Dari segi kepraktisan, uang receh memang terasa merepotkan karena kita harus menyediakan tempat penyimpanan yang lebih besar. Uang receh juga berat dan repot jika dibawa kemana-mana, muncul bunyi “kricik-kricik” yang membuat Anda tidak nyaman.
Tapi jujur saja saya justru senang membawa uang receh dengan bunyi unik itu, meskipun teman saya ada yang mengejek dengan kalimat “Habis Ngamen dimana, Mas?” saya tak masalah, saya cuek saja, dan menganggap itu sekadar lelucon.

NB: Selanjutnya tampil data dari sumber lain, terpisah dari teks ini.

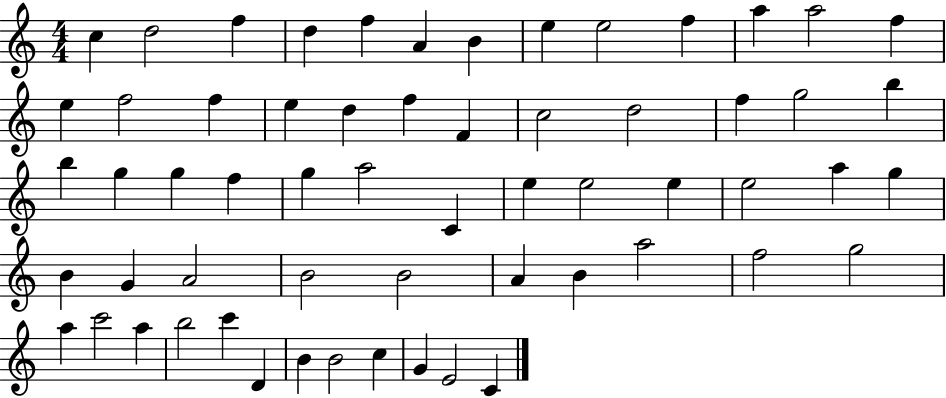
X:1
T:Untitled
M:4/4
L:1/4
K:C
c d2 f d f A B e e2 f a a2 f e f2 f e d f F c2 d2 f g2 b b g g f g a2 C e e2 e e2 a g B G A2 B2 B2 A B a2 f2 g2 a c'2 a b2 c' D B B2 c G E2 C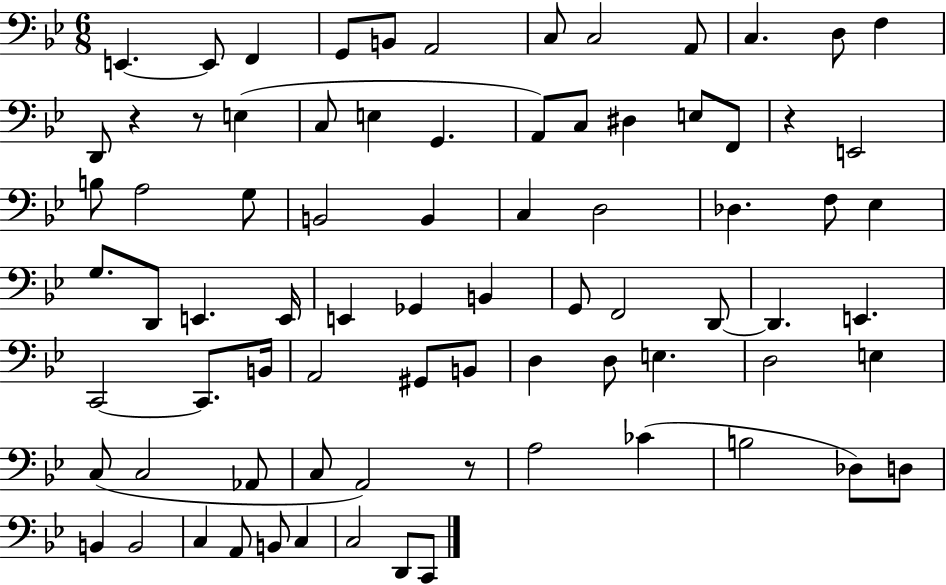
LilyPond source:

{
  \clef bass
  \numericTimeSignature
  \time 6/8
  \key bes \major
  e,4.~~ e,8 f,4 | g,8 b,8 a,2 | c8 c2 a,8 | c4. d8 f4 | \break d,8 r4 r8 e4( | c8 e4 g,4. | a,8) c8 dis4 e8 f,8 | r4 e,2 | \break b8 a2 g8 | b,2 b,4 | c4 d2 | des4. f8 ees4 | \break g8. d,8 e,4. e,16 | e,4 ges,4 b,4 | g,8 f,2 d,8~~ | d,4. e,4. | \break c,2~~ c,8. b,16 | a,2 gis,8 b,8 | d4 d8 e4. | d2 e4 | \break c8( c2 aes,8 | c8 a,2) r8 | a2 ces'4( | b2 des8) d8 | \break b,4 b,2 | c4 a,8 b,8 c4 | c2 d,8 c,8 | \bar "|."
}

Uang receh dianggap tidak bernilai sama sekali karena nominalnya yang kecil. Kehilangan seratus perak, dua ratus perak, lima ratus perak mungkin tidak akan dipermasalahkan dibandingkan jika Anda kehilangan selembar lima ribu Rupiah.
Namun pernahkah Anda menghitung berapa uang receh yang Anda sepelekan dan hilang tercecer itu? Kalau dikumpulkan bisa saja nominalnya bahkan lebih besar dibandingkan selembar kertas uang lima ribuan.
Jika saja uang receh-receh itu bisa berbicara, mungkin mereka akan mengeluh atas perlakuan tidak adil manusia terhadap “ras” mereka yang sering disepelekan dibanding dengan “ras” kertas.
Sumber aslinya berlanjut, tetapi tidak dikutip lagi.